_Dataset content_
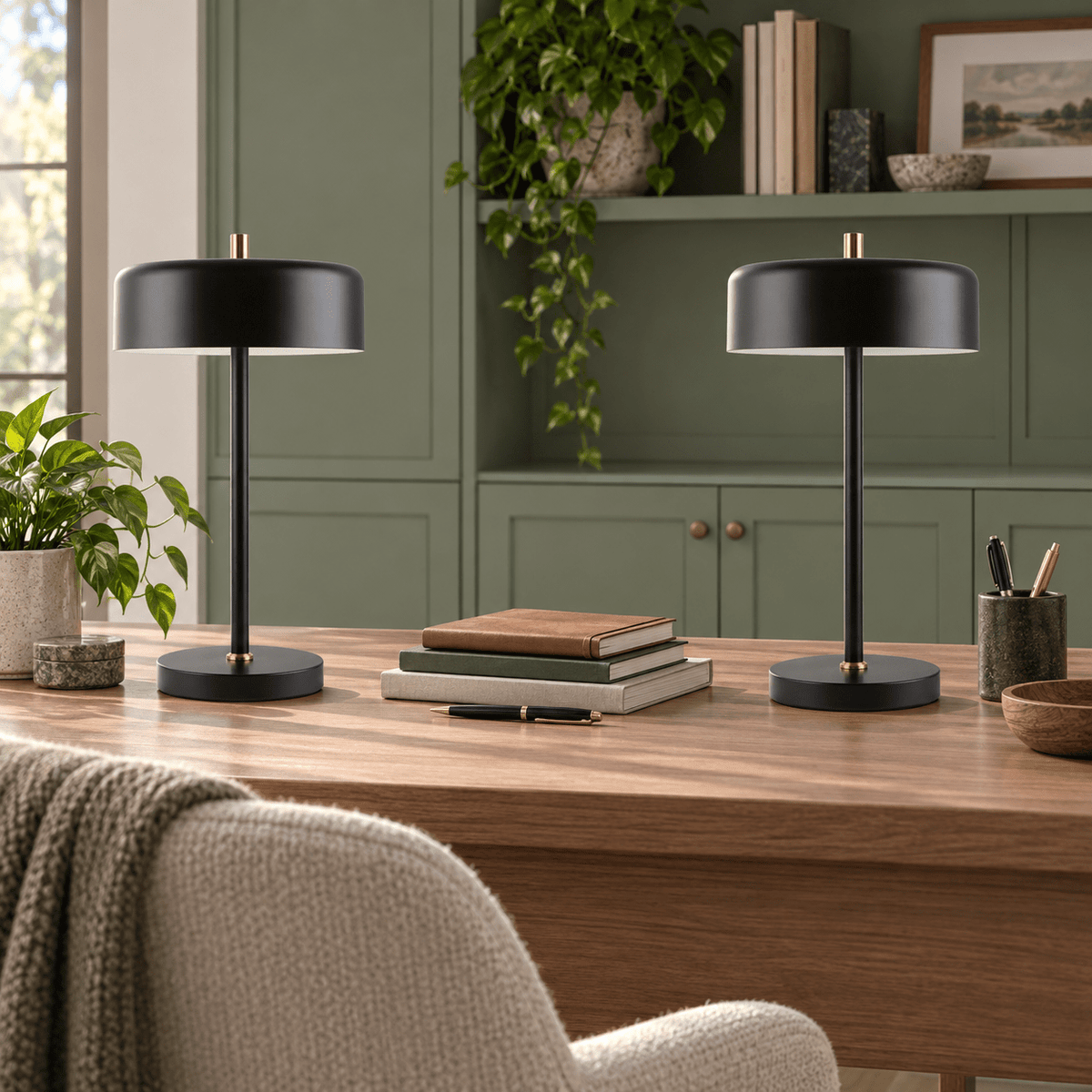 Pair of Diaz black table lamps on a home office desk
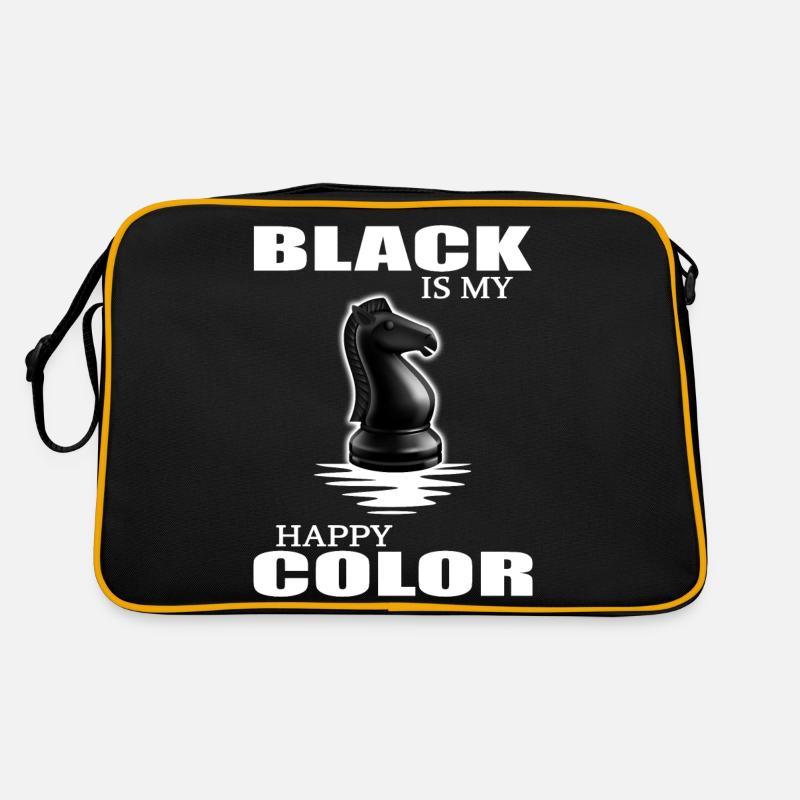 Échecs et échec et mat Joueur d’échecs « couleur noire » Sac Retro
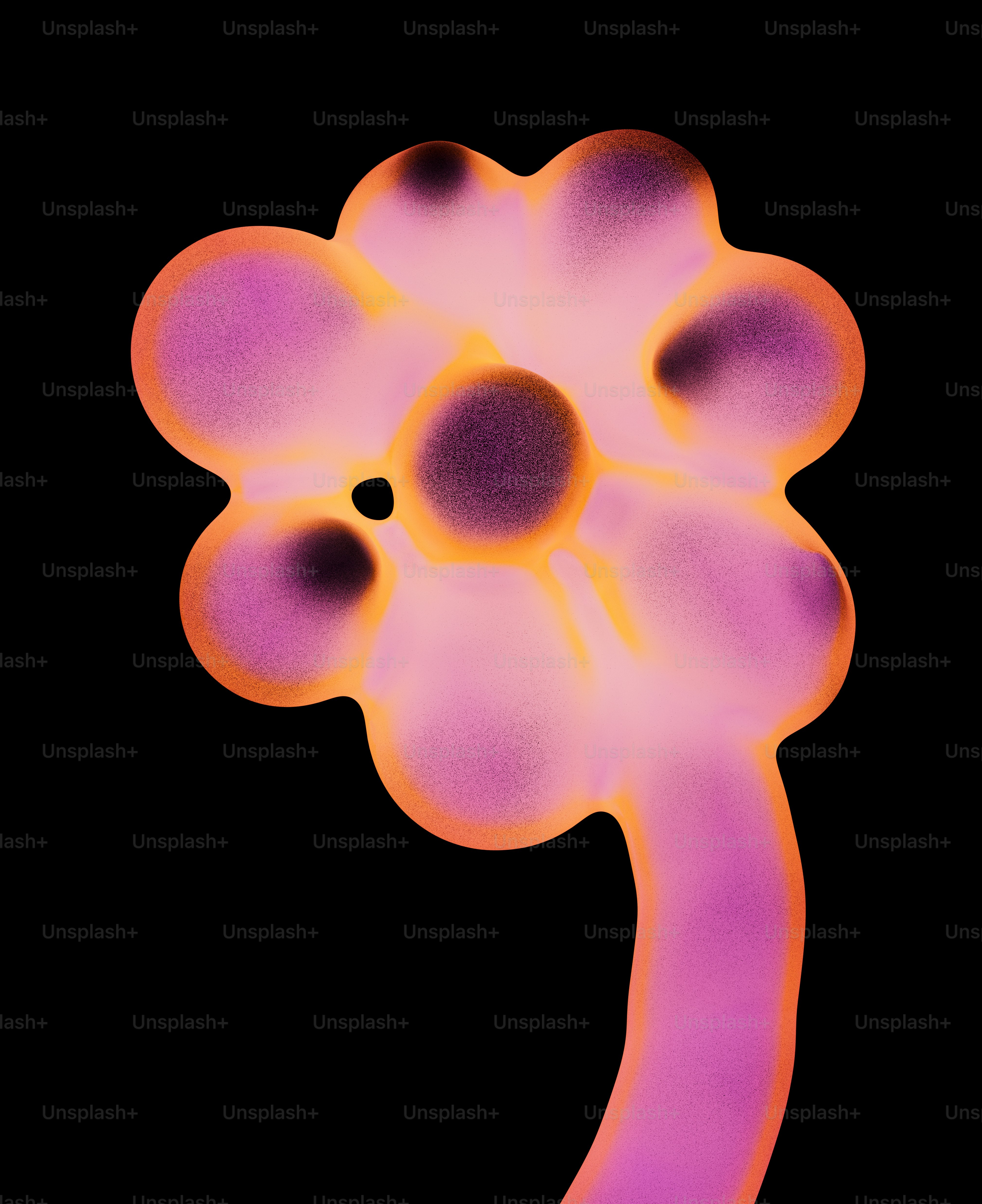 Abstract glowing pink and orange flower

--

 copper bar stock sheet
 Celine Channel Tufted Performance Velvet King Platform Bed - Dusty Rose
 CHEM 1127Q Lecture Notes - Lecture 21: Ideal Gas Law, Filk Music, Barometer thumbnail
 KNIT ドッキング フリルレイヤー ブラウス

--

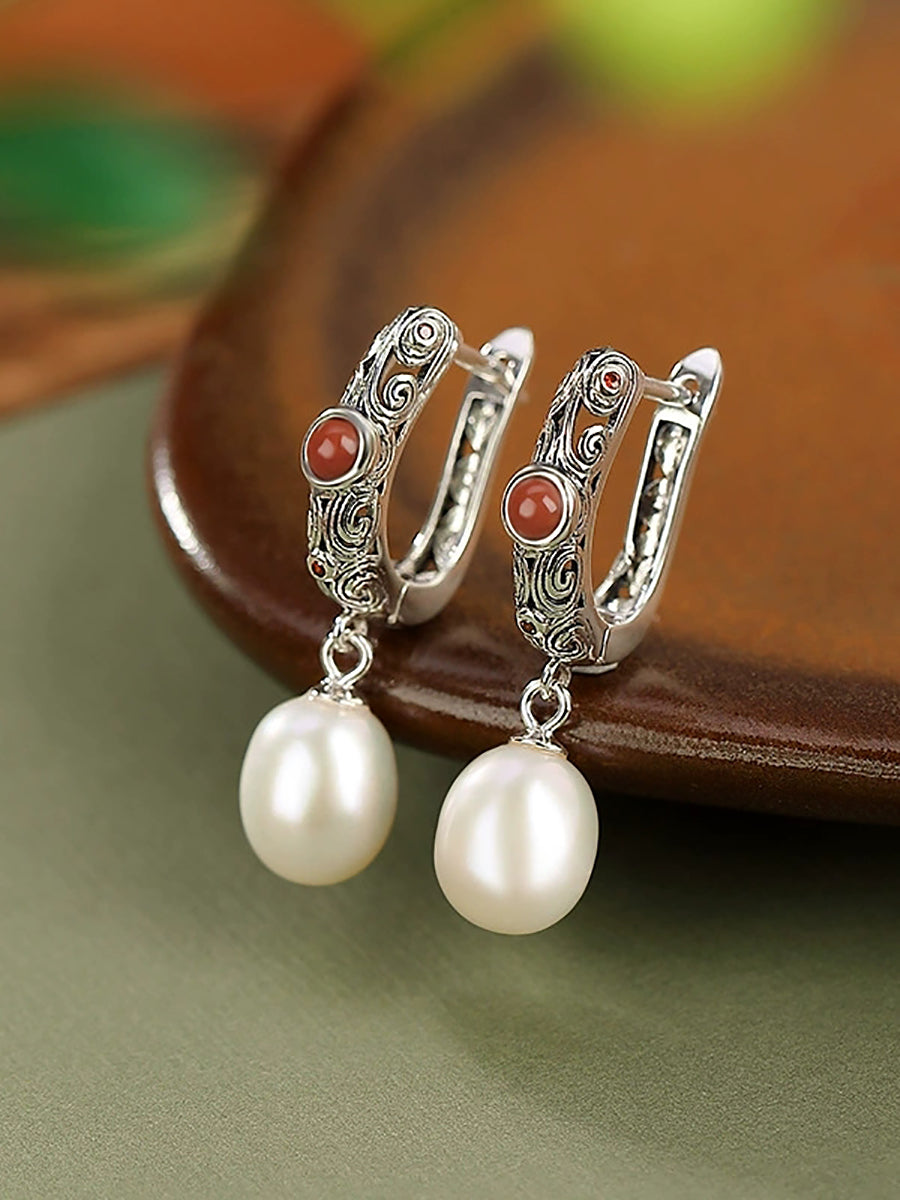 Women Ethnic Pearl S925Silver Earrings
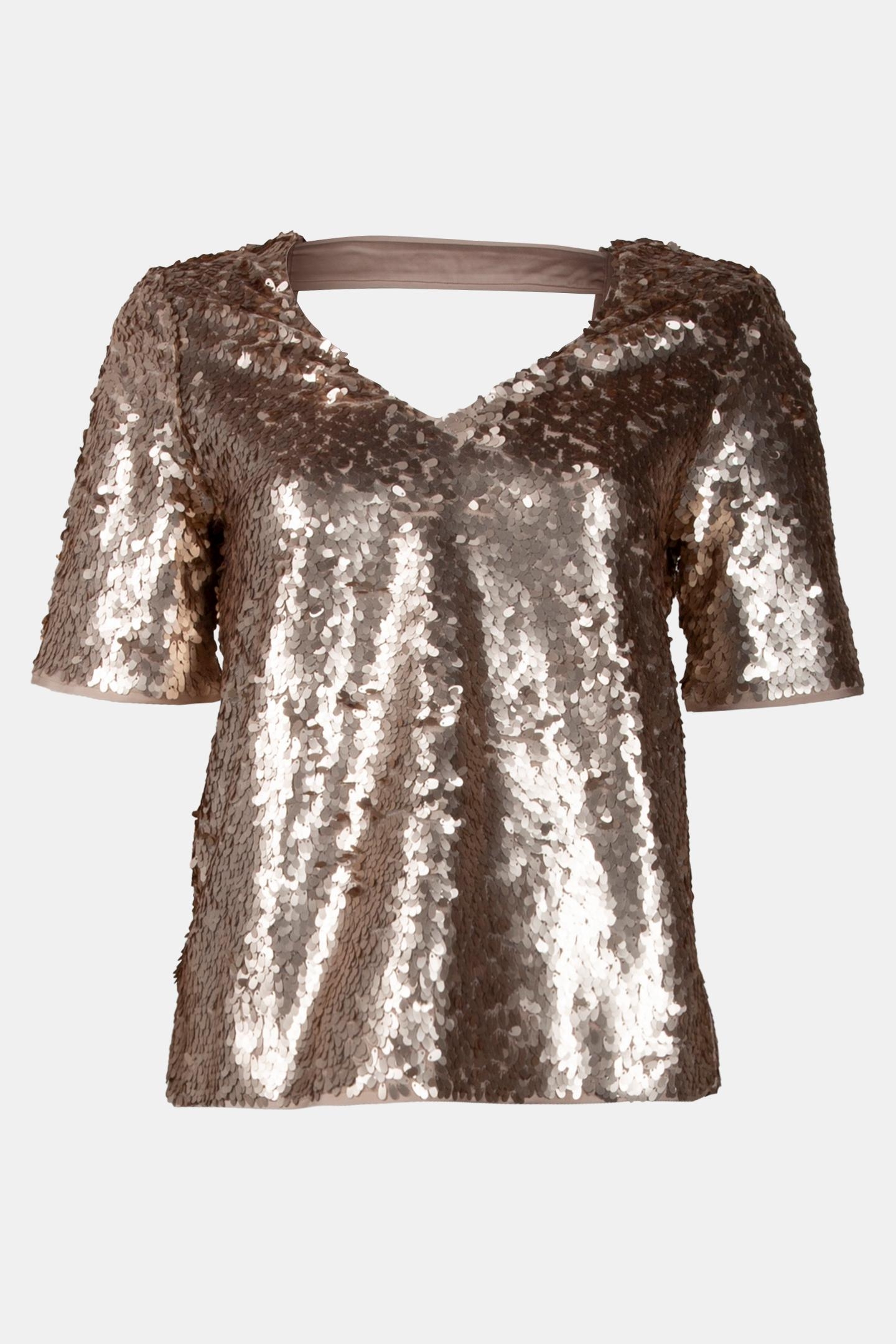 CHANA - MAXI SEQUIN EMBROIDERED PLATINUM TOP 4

_Exercise prompt_
Although pictures appear among the records above, write out exactly only the lines from the one that has "Pair of Diaz" through the one that has "Abstract glowing pink and orange flower", and leave the pictures out.

_Output below_
 Pair of Diaz black table lamps on a home office desk
 Échecs et échec et mat Joueur d’échecs « couleur noire » Sac Retro
 Abstract glowing pink and orange flower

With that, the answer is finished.